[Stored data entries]
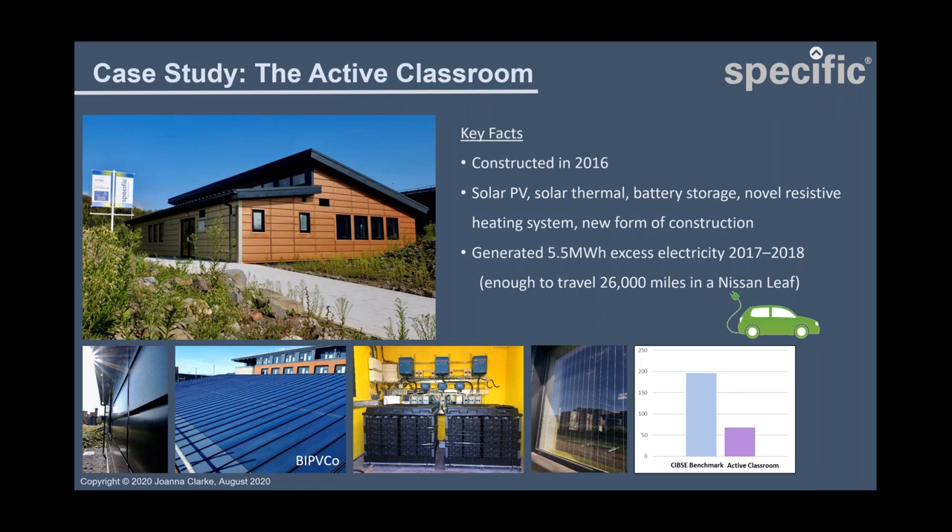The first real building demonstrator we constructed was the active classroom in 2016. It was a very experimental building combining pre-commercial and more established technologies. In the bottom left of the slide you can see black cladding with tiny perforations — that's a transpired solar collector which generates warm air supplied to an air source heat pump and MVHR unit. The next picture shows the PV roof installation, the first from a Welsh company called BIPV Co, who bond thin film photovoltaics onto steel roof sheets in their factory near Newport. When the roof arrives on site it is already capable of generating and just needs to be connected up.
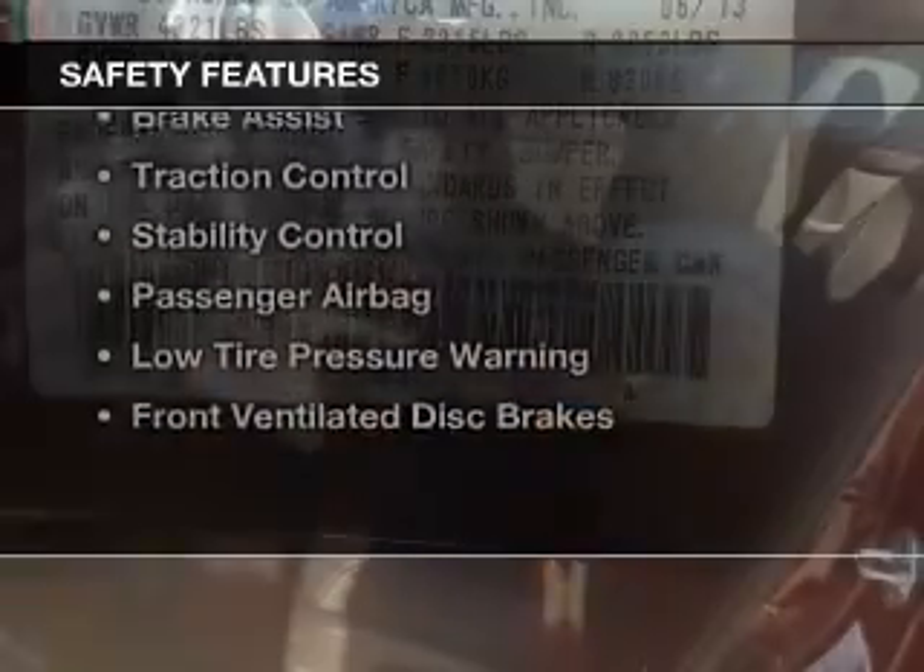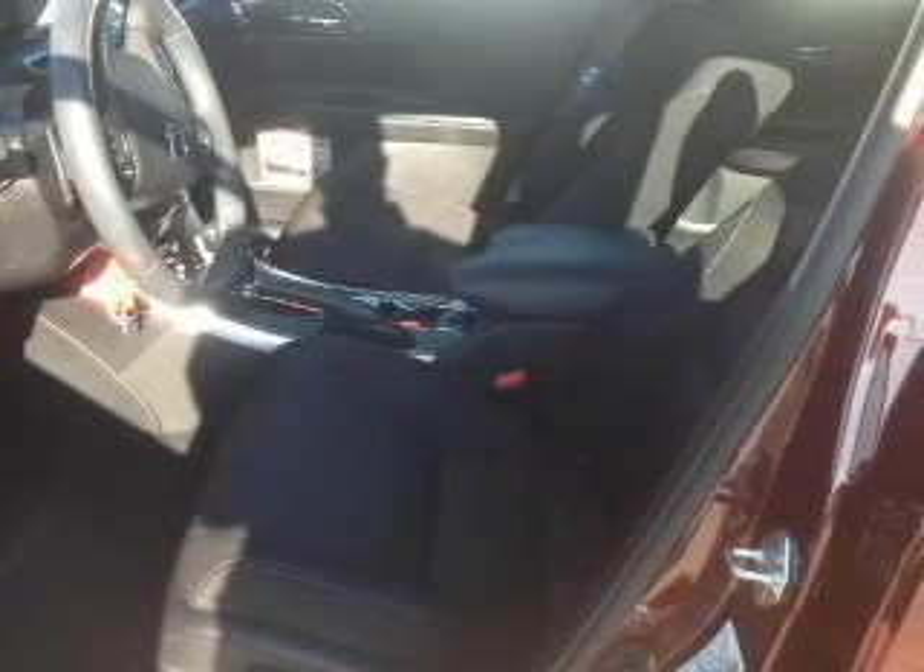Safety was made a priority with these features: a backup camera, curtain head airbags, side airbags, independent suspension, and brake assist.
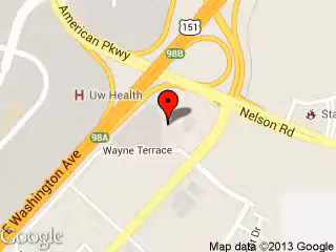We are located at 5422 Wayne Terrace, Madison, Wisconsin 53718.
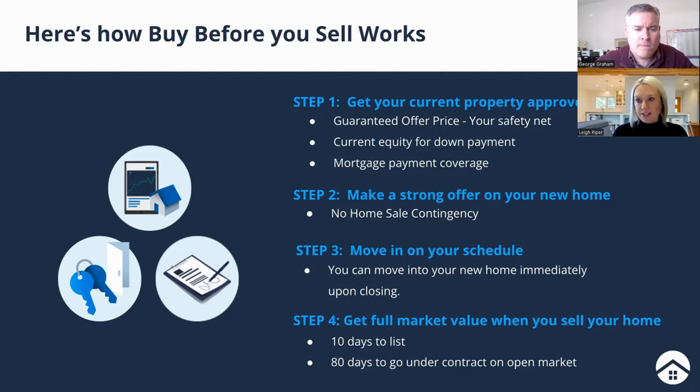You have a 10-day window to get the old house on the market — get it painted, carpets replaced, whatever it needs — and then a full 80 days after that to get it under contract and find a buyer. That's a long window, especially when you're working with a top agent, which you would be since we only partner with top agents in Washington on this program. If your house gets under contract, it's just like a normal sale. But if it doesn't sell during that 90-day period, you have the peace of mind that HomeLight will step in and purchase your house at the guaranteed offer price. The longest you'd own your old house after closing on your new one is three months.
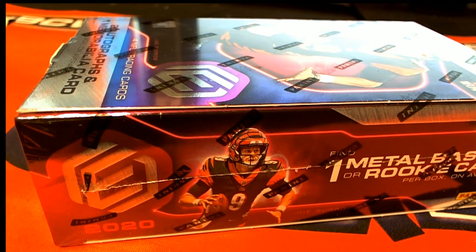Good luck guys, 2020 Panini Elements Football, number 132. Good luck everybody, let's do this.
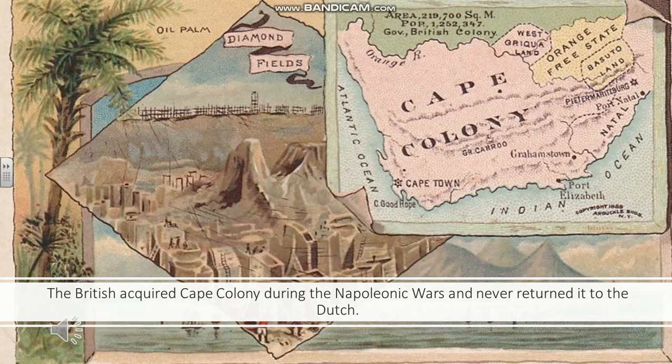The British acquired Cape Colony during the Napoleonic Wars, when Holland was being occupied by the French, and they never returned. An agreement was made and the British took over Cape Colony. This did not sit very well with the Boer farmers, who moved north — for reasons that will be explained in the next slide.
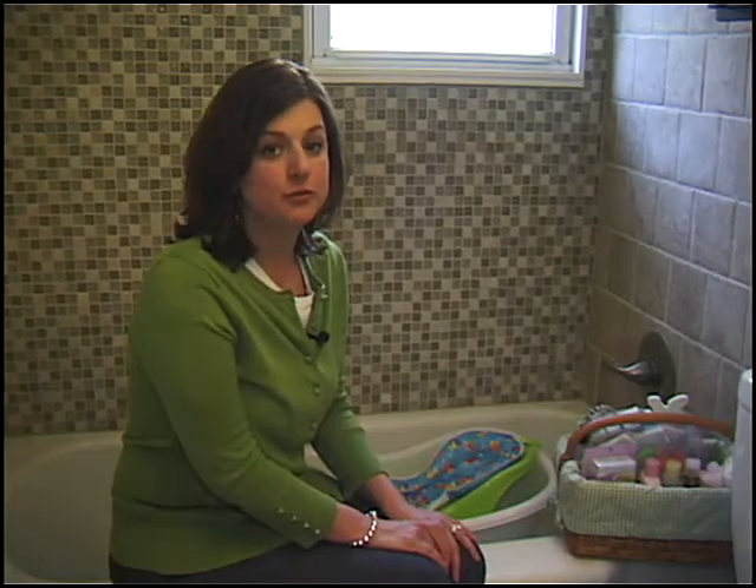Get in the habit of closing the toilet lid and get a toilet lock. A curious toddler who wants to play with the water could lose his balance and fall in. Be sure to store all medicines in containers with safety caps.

The task:
Exactly the lines above, from the one containing "We are located" down to the one containing "Good luck guys, 2020", are to be repeated, including both ends. Pictures are not part of the copy.

Solution to this task:
We are located at 5422 Wayne Terrace, Madison, Wisconsin 53718.
You have a 10-day window to get the old house on the market — get it painted, carpets replaced, whatever it needs — and then a full 80 days after that to get it under contract and find a buyer. That's a long window, especially when you're working with a top agent, which you would be since we only partner with top agents in Washington on this program. If your house gets under contract, it's just like a normal sale. But if it doesn't sell during that 90-day period, you have the peace of mind that HomeLight will step in and purchase your house at the guaranteed offer price. The longest you'd own your old house after closing on your new one is three months.
Good luck guys, 2020 Panini Elements Football, number 132. Good luck everybody, let's do this.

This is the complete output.